Several years ago, I decided to visit some family in a small town in Pennsylvania. While staying with my uncle, I remember waking up and reading a horrific article in the newspaper. A black man named James Byrd was dragged to death in Texas by a couple of white men. I felt awful about the incident, as I do now. My uncle on the other hand seemed to be unaffected by the article, which seemed odd to me at the time. He acted as if he believed the man probably deserved his death.
A few hours later, my uncle took me to get my first tattoo. He was taking me to a parlor where he had had several of his tattoos done in the past. This parlor was a building no bigger than a one-bedroom apartment. It was just outside of the small town, and the only building within a two or three mile radius. On the outside, the parlor looked like any other tattoo shop. But once I walked inside, I knew it was no ordinary tattoo parlor.
The first indication of this was the four skinheads inside who owned the shop. To me they appeared a little intimidating. All four of the skinheads were at least six feet tall and muscular, with shaved heads and numerous tattoos. At that time in my life, I did not know much about skinheads other than that they hated other races and other whites that associated with other races.
Despite my wariness about them, I began looking around for a design while my uncle and the skinheads talked. While I was trying to figure out what tattoo I wanted, several Hispanics walked into the shop. One of the skinheads approached them, said a few words to them, and the Hispanics left. I do not know what they said, but when he came back all the skinhead would say was “F****** wetbacks.”
As I looked around some more, there was a definite difference between the choices of tattoos at this parlor as opposed to an average tattoo parlor. This particular shop had one wall of drawings that put swastikas and Harley Davidson symbols next to crosses and designs of Jesus. One could get a tattoo of Hitler, but there were no drawings of Martin Luther King, Jr. Also, there were no symbols of words or letters in any other language other than English. By now it was clear to me that only white people were welcome there and no tattoo representing non-white races was acceptable.

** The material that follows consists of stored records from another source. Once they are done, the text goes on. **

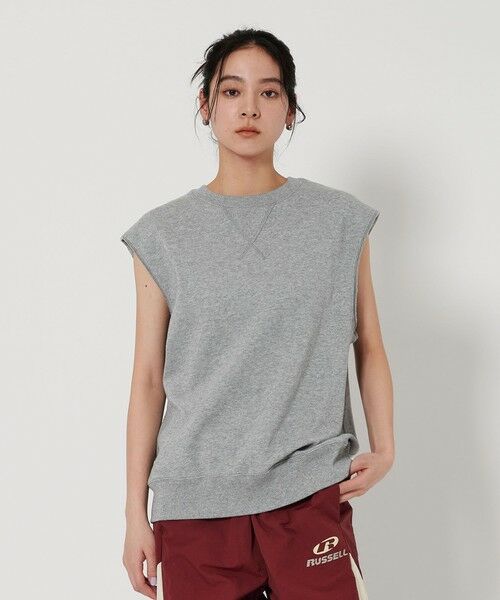 BEAUTY & YOUTH UNITED ARROWS/ビューティー&ユース ユナイテッドアローズ コットン裏毛スウェット ノースリーブトップ LT. GRAY FREE BEAUTY & YOUTH UNITED ARROWS/ビューティー&ユース ユナイテッドアローズ コットン裏毛スウェット ノースリーブトップ LT. GRAY FREE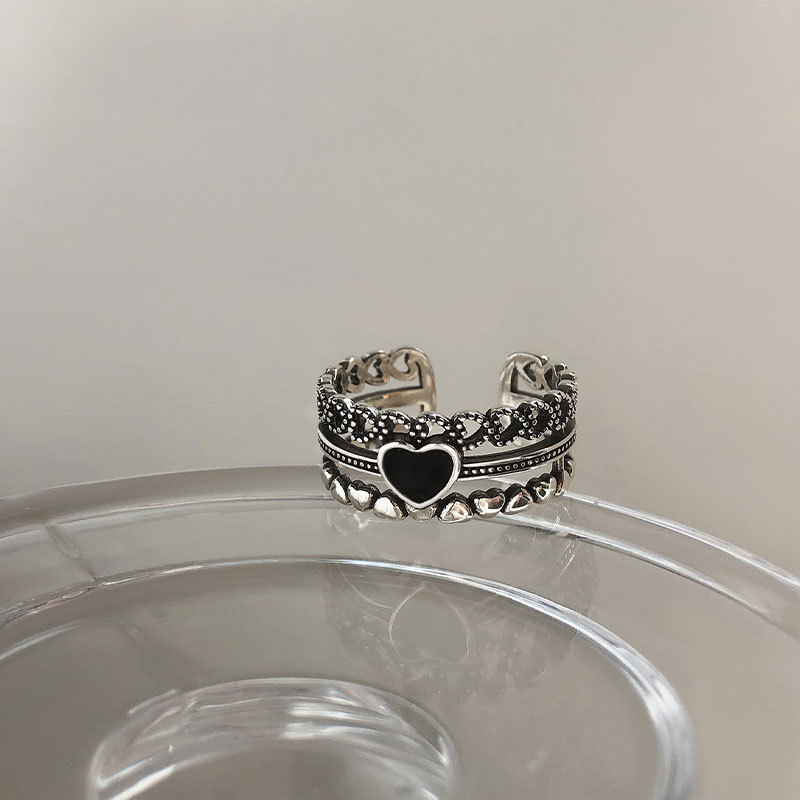 Open Love Heart Ring Female SpecialInterest Design Affordable Luxury Fashion Refined Personalized Retro HighGrade Temperament Fashionpicture2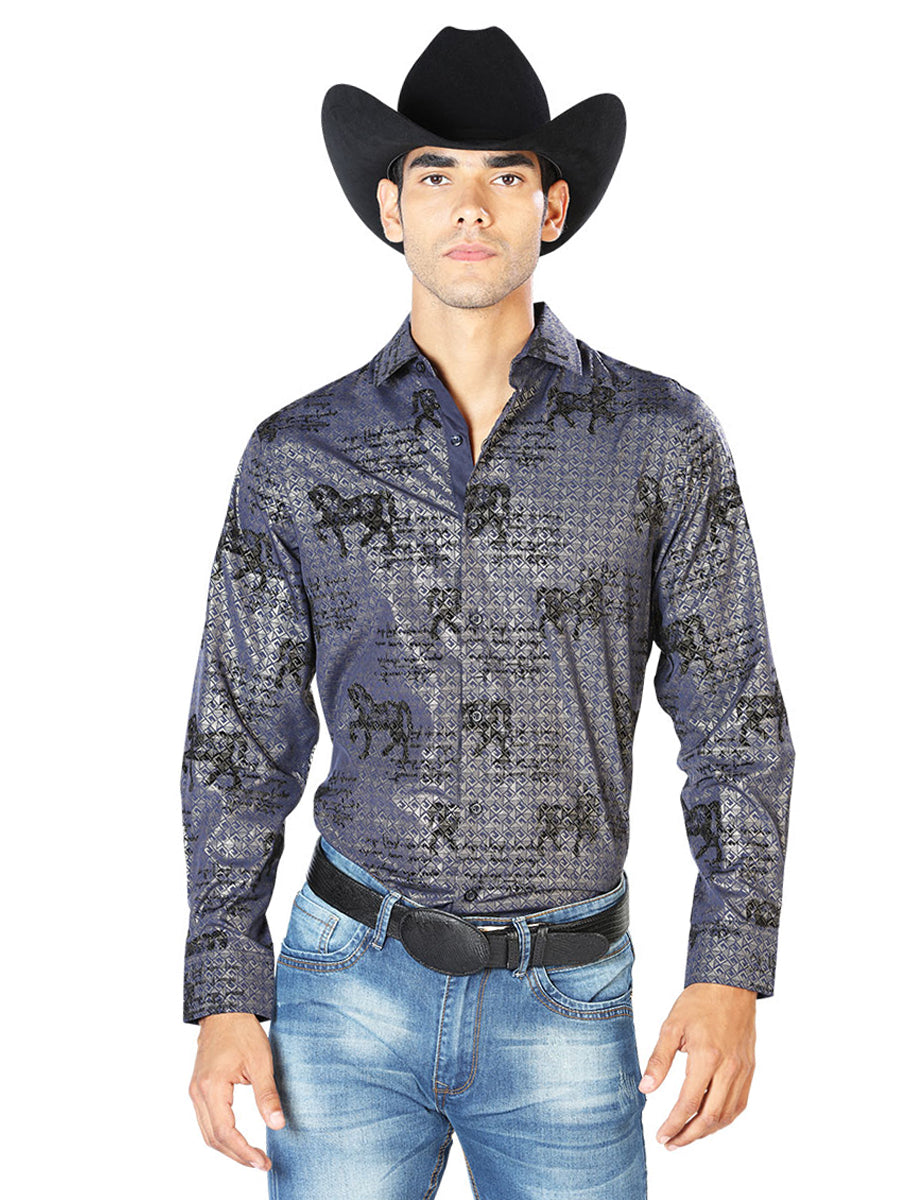 Camisa Casual Manga Larga El Señor De Los Cielos Wh-026 97% Poliéster 3% Elastano Marino 43598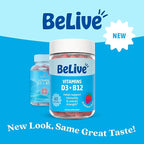 BeLive Vitamin D3 Gummies with B12 Vitamins - Immune Support Gummies with Vegan Vitamin B12 & D3, Provides Enhanced Bone & Muscle Strength, Hearth Health and Energy - Strawberry Flavor | 3-Pack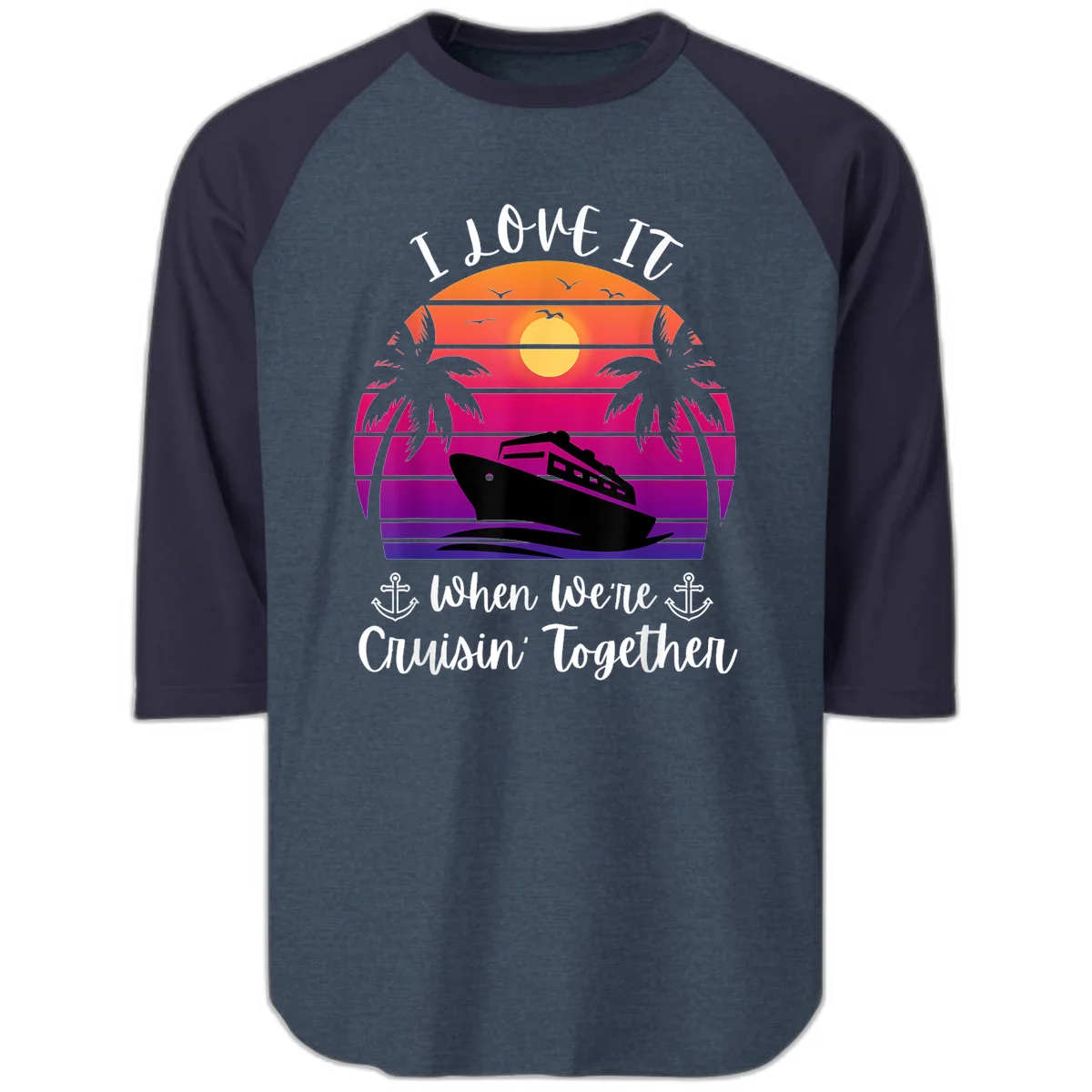 Cruisin' Together Sunset Ship Raglan 3/4 in Heather Denim Navy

About thirty minutes later, I finally decided on a tattoo of the grim reaper. During the process of the tattoo being inked on, my uncle brought up the article in the newspaper about James Byrd’s murder. The skinheads all began laughing and saying he deserved it for being a black man. My uncle was laughing as well. Until that point in my life, I was unaware of my uncle’s prejudices.

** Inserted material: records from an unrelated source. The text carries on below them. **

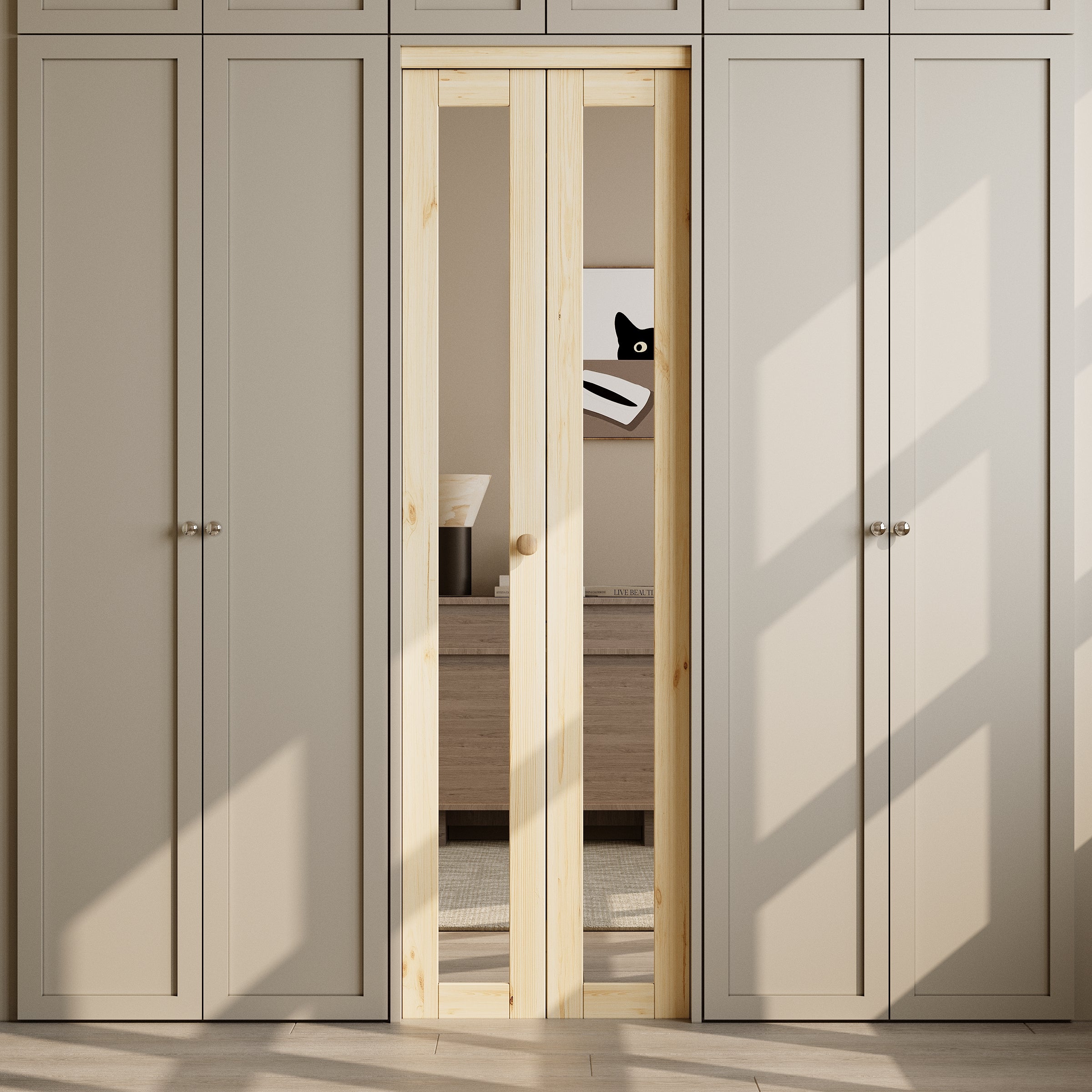 Ark Design 1-Lite Mirror Solid Core Unfinished Pine Wood Interior Closet Bi-Fold Door with Hardware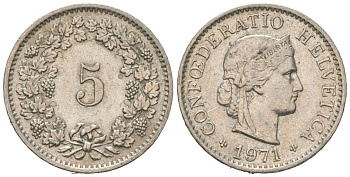 Швейцария 5 раппенов 1971 KM 26 медно-никель aUNC 4617-1048
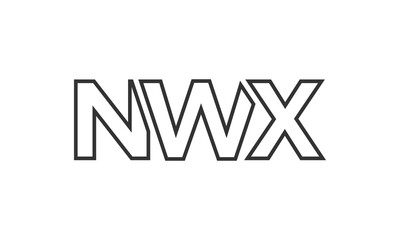 NWX logo design template with strong and modern bold text. Initial based vector logotype featuring simple and minimal typography. Trendy company identity.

After laughing about the murder for several minutes, my uncle began telling his own stories of violent acts he and others he knew had performed on blacks and Hispanics in previous years. My father later told me it was not until my uncle became a police officer that he began to be prejudiced. It was a combination of being an officer in a larger Pennsylvania town, where most crimes were committed by blacks according to my uncle, and being around a certain group of individuals that changed his attitude toward other races. I believe that his prejudiced beliefs also came from his ignorance of the blacks and Hispanics that were good-hearted people.
As my uncle told stories, the skinheads began to tell stories of their own. For the next two hours, these skinheads told story after story about gruesome beatings they had performed on black men, as well as Hispanic men, over the years. And they would laugh about how a few of their friends had killed men and now were in jail.
Now, I did not know the skinheads personally. I did not know if they had been taught by someone at an early age to be prejudiced. Or if they had experienced an incident in their past to make them feel as they did. All I know is that they did not want non-white people around them. The skinheads did not want other races to experience the privilege of “whiteness” or to be like white people at all.
My tattoo was now finished. As we left, I remember feeling very tense and baffled. My uncle acted as if nothing that was said in the parlor should bother me. This was the first time I had ever been exposed to such racial discrimination and to such a high degree. At the time, I pretended to be oblivious to all of it. Now, I openly disagree with my uncle and the skinheads’ prejudices. I also believe it is sad when individuals in society believe the only way to correct their problems with other races is through violence.